So despite its most successful season, and a league and regional championship, WWU learned last week it will not be making the trip to Virginia Beach this year for the national championship.
“We really thought we would be chosen, but we weren’t,” Hultz said, “and one of the teams we almost beat in Santa Barbara is going, so we were that close.”
Despite missing out on the biggest stage at this level of lacrosse, WWU has plenty to hang its hat on this season. Aside from beating every team in the league, winning the league title and winning the regional playoffs, even.
This season is the first that the NWWLL has done MVP awards, and WWU nearly swept them. With six of the 12 nominees for the four MVP awards (attacker, midfielder, defender and goalie) coming from Western, the team “settled” for two of the four awards.
Amanda Hultz, Chelsea’s sister and sophomore attacker, won the attacking MVP, and Kate Ades, a junior, won the defender’s award.

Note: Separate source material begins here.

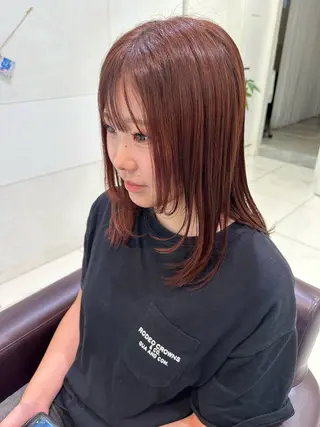 セミロング カラー 艶カラー/縮毛矯正/ ブリーチカラー/みなのヘアスタイル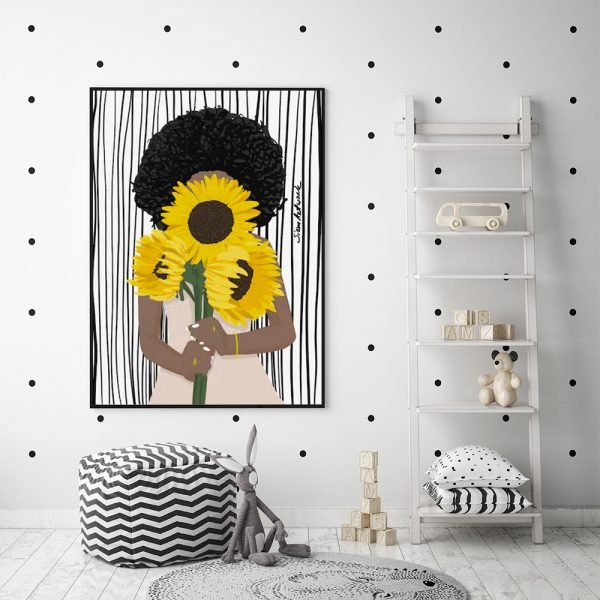 Wall Art 50cmx70cm African Woman Sunflower Black Frame Canvas - Home & Garden > Wall Art - Rivercity House & Home Co. (ABN 18 642 972 209) - Affordable Modern Furniture Australia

“Amanda is really good at leading the attack,” Chelsea Hultz said. “People look to her because they trust her knowledge and skills. That’s a big deal for people to look up to you even if they’re older. Kate is a really good athlete and defender. She played in high school, but it wasn’t her main sport. She’s just a really good player and knows what to do. The way she plays is so textbook.”
Even though Chelsea Hultz was the captain who specialized in defense, she knew she could rely on Ades to be another coach on the field who would help direct the other defenders, she added.
That fact that the women’s lacrosse team was self-coached made the successful season even sweeter for the captains and the team. Chelsea Hultz, along with Linnea Whisman and Hannah Gose, made up the trio of captains/coaches.
Hultz took the reigns on defense, Gose specialized in midfield defense and Whisman was the leader for the attackers and attacking midfielders. Whisman also had to sit out the year to recover from a concussion, so she managed substitutions, Hultz said.
That captain trio changes most years, and so too does the playing style of the team, consequently.
“I think in years past, with the attack, it’s been a lot of one-man-show kind of thing,” Hultz said. “This year it was different and that worked well for us because we had so many players having goals and assists, that was just due to the different style of coaching because we wanted it to be a team sport. Defense has been pretty much the same, we just tried to be more aggressive.”
The bright side is team’s run of success shouldn’t be limited to this season. Only three players have used up their four years of eligibility — Chelsea Hultz, Callie Gionet and Sophie Schiefeleein — meaning the team returns 17 players next season.
“Next year we’re hoping and expecting to get the automatic bid back, so I fully expect the team to go to nationals next year,” Hultz said.